Parker moved to Clavet when she was in Grade 4 and found in Slobodzian a player with ambitions as big as her own.
“I remember I was intimidated by her because she was so good,” says Parker. “We were the only girls on a team full of boys. We became good friends and
we’ve been great friends ever since.”
“We hit it off right from the start,” says Slobodzian. “We’re quite alike. We have the same goals in mind.”
“Willow and I decided that we wanted to take the next step and go into Martensville [40 minutes north] and try that out,” says Parker. They played with the
Marauders (Peewee AA boys) for two seasons. “That was probably the moment we realized we wanted to go all the way and develop as the best hockey players
that we could be.”
They were 11 and 12.
They joined a spring team together, the first time either had played girls’ hockey. The team travelled to Minneapolis, Minn., for a tournament and brought
home a gold medal.
It was the start of an incredible – and still ongoing – run.
They switched to girls’ hockey full-time in Bantam and helped the Saskatoon Comets win league and provincial titles in 2013-14.
Still Bantam-age, they made the leap to the Saskatoon Stars of the Saskatchewan Female Midget AAA Hockey League the following season. As two of the team’s
five under-agers, they were big reasons why the Stars exceeded expectations in 2014-15. The team won the SFMAAAHL regular season title, then went 9-0
during the playoffs to capture the league crown.
At the Esso Cup, Canada’s National Female Midget Championship, the pair won a bronze medal.
Last season was a coming-out party for both. Parker finished second in SFMAAAHL scoring, Slobodzian was named the league’s best defenceman, and both were
first team all-stars. The Stars repeated as league champions and returned to the Esso Cup, this time finishing fourth
With league-rival Weyburn hosting the Esso Cup, hometown support followed them, as it always has.
Hockey dreams drove Parker and Slobodzian to look to bigger towns and cities to play, but the compass has never veered away from Clavet.
Growing up in a small, tight-knit community where everybody literally knows your name – national championship participants or not – and has your back stays
with you. It makes you want to do well not only for yourself but for everyone.
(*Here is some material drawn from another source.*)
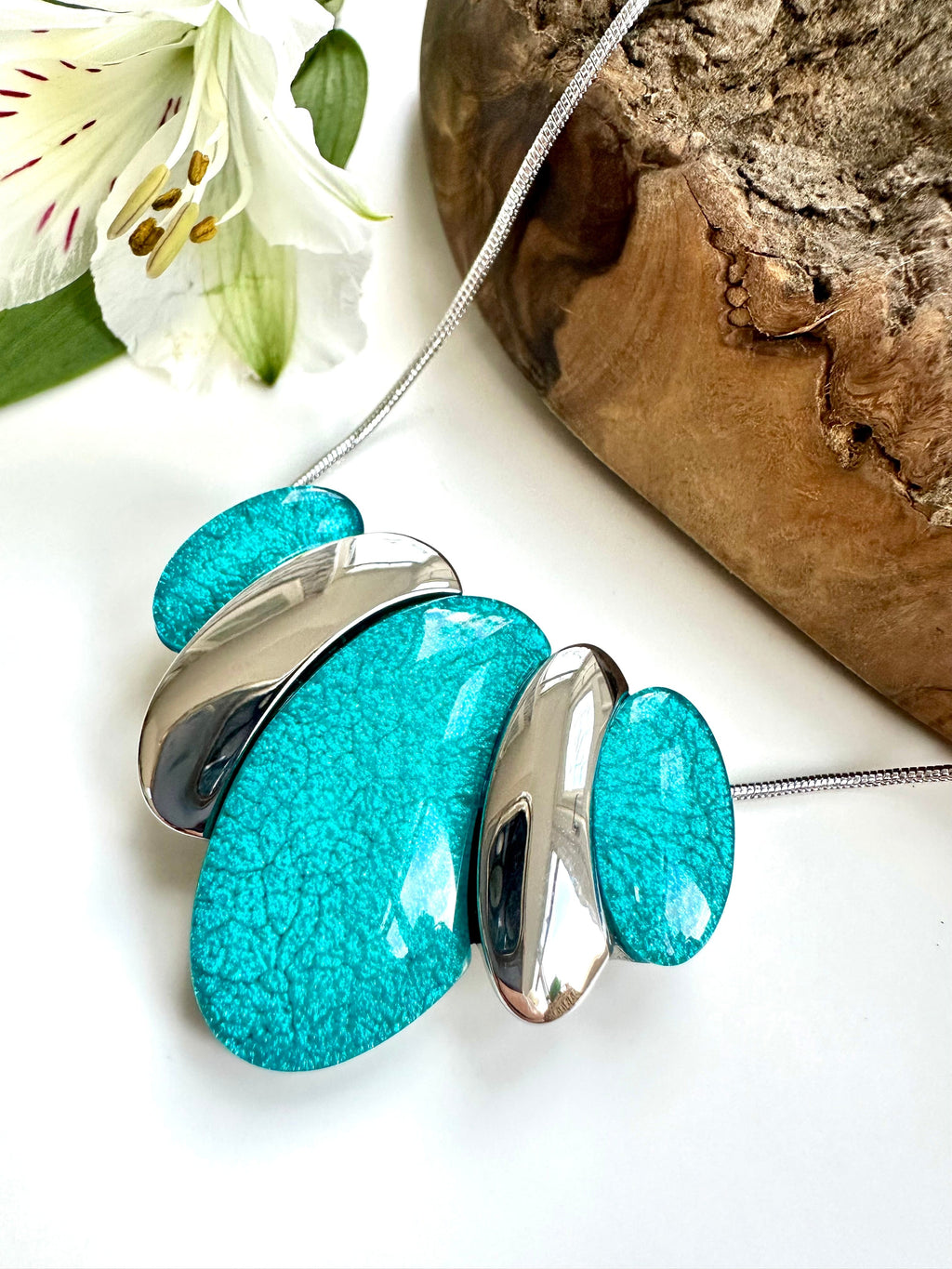 lusciousscarves Miss Milly Turquoise and Silver Oval Discs Overlap Necklace . FN625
“It’s unique because you walk into the rink and you see someone you know and it’s just a great atmosphere because you’re around people who have supported
you throughout your journey,” says Slobodzian. “You’re always surrounded by great people who are interested in your career and have helped you along the
way. You feel very fortunate to be able to be a part of something special like that.”
Neither player would be who she is – nor where is – today had the road opened elsewhere.
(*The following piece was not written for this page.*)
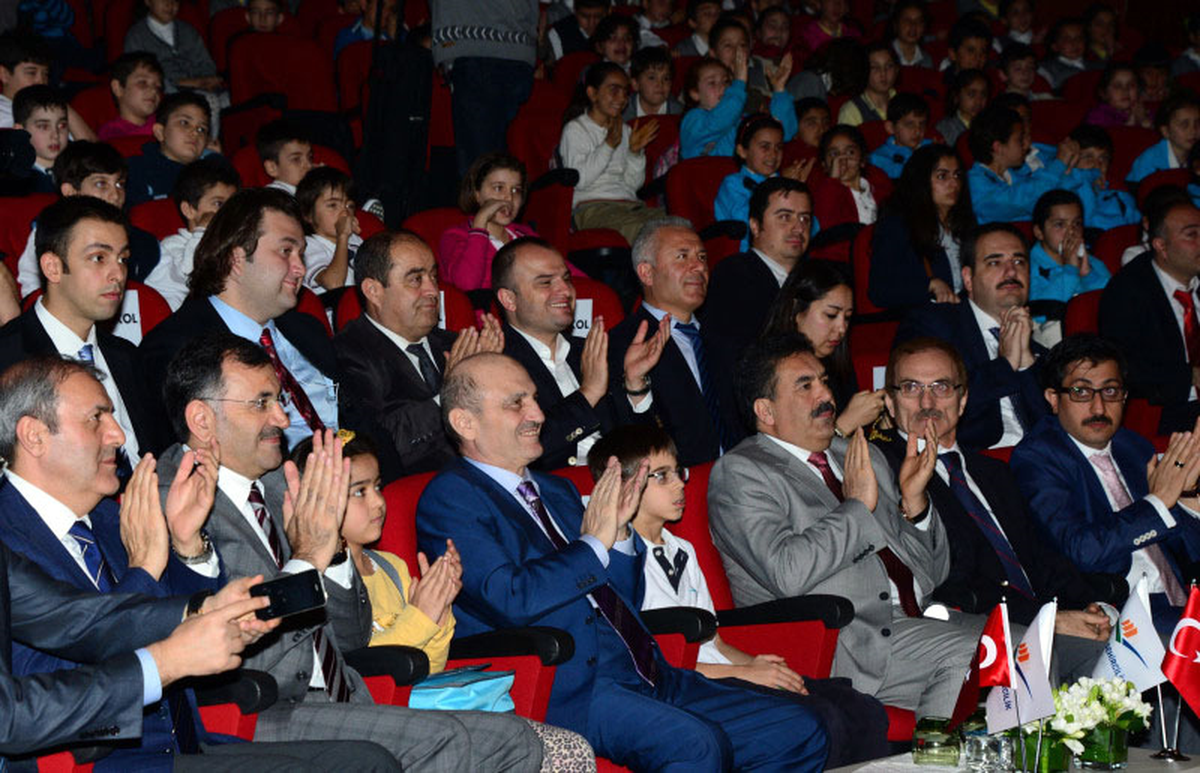 Tiyatroda Çevreci Çocuk Şenliği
“I don’t think coming from a small town and starting your hockey there, that’s not a disadvantage whatsoever,” says Slobodzian. “I don’t think it matters
where you start, it’s where you want to go and how you get there, that’s what matters.”
This week Parker and Slobodzian are together again, at Canada’s National Women’s Under-18 Team selection camp in Calgary. But for the first time in a long
time, they’re not wearing the same jersey.
Parker is with Gold; Slobodzian is with Blue. That means they’re going head to head during intrasquad games.
“We got a good laugh [about it],” says Slobodzian. “We wanted to be on the same team, but at the same time we like playing against each other, even
battling against each other in practice. I like being able to battle with her and test myself.”
Good showings at camp would earn them roster spots on Team Canada for a three-game series against the United States. And it would put the final peg in map
they’ve spent years together travelling.
Point B: Team Canada.
“She’s like my other half,” says Parker. “Without her, I don’t know if I would be where I am today. We’ve always done everything together. It’s great to
spend all these times with her and [make] all these memories together.”